El artista se instaló después con su familia en lo que por aquel entonces se llamaba Paseo Damour y hoy se conoce como Place des Martyrs de la Résistance. Se cree que pintó allí el retrato del banquero Juan de Muguiro y también La lechera de Burdeos, uno de sus cuadros más hermosos y también el más enigmático, por cuanto se aleja de la sordidez que apesadumbraba sus obras anteriores para hacer gala de una dulzura y una luminosidad inesperadas en un hombre que, sordo y enfermo, afrontaba la última vuelta del camino. De la ternura no exenta de melancolía que se atisba en ese lienzo cabe concluir que Goya se encontró bastante cómodo en la ciudad francesa y, lejos de sentirse un completo desterrado, halló en ella alicientes suficientes para alimentar nuevas creaciones. Sabemos, por los dibujos que acometieron tanto él como su hija Rosario —cuyo rostro, según algunos, acaso sea el de la anónima lechera—, que frecuentó la Place de la Bourse, en cuyos muelles se exhibían animales portentosos o se brindaban a la concurrencia espectáculos de carácter medio circense, y es probable que presenciara alguna de las ejecuciones que tenían lugar en la Place Gambetta, donde las autoridades habían instalado la guillotina.

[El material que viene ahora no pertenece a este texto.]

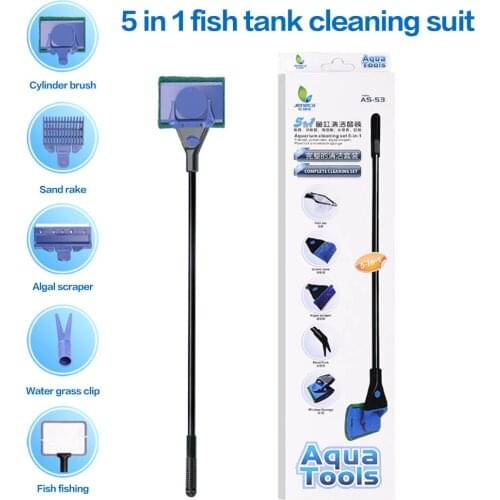 5 in 1 Aquarium Cleaning Tools Fish Tank Cleaning Tool Set Aquarium Algae Cleaner Plastic Fish Tank Brush Kits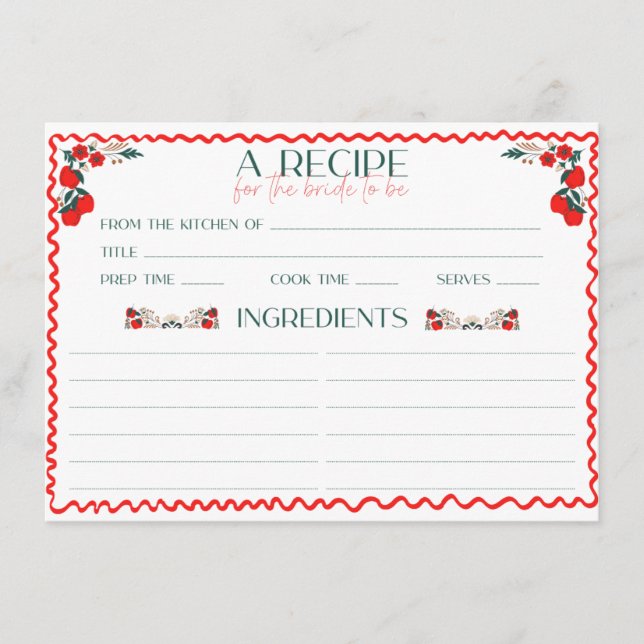 She's Fresh Off the Market Bridal Shower Recipe Enclosure Card (Front)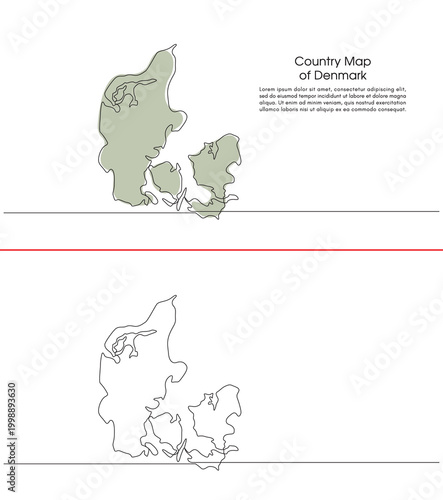 Continuous single line drawing of denmark map in White background. Map concept for Education, Travel between cities in denmark, infographics, Science, Web Presentations in simple single line art style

Goya falleció en la primavera de 1828, tras un accidente doméstico, en la que fue su última vivienda bordelesa. Se encontraba en el Cours de l’Intendance, en el tercer piso de un edificio dieciochesco que acoge hoy la sede del Instituto Cervantes en la ciudad. Recibió sepultura en el cementerio de La Chartreuse junto a Martín de Goicoechea, que había fallecido tres años antes. Su cadáver permaneció allí hasta que en 1886 fue exhumado para trasladarlo a España. La recuperación de sus restos —se descubrió que al cadáver le habían sustraído la cabeza, cuyo paradero jamás pudo clarificarse— supuso el principio de un largo peregrinaje póstumo que culminaría con su enterramiento definitivo en la iglesia madrileña de San Antonio de la Florida, donde continúan hoy en día. En el camposanto bordelés, sin embargo, se mantiene un cenotafio que marca el lugar donde se encontró la sepultura original.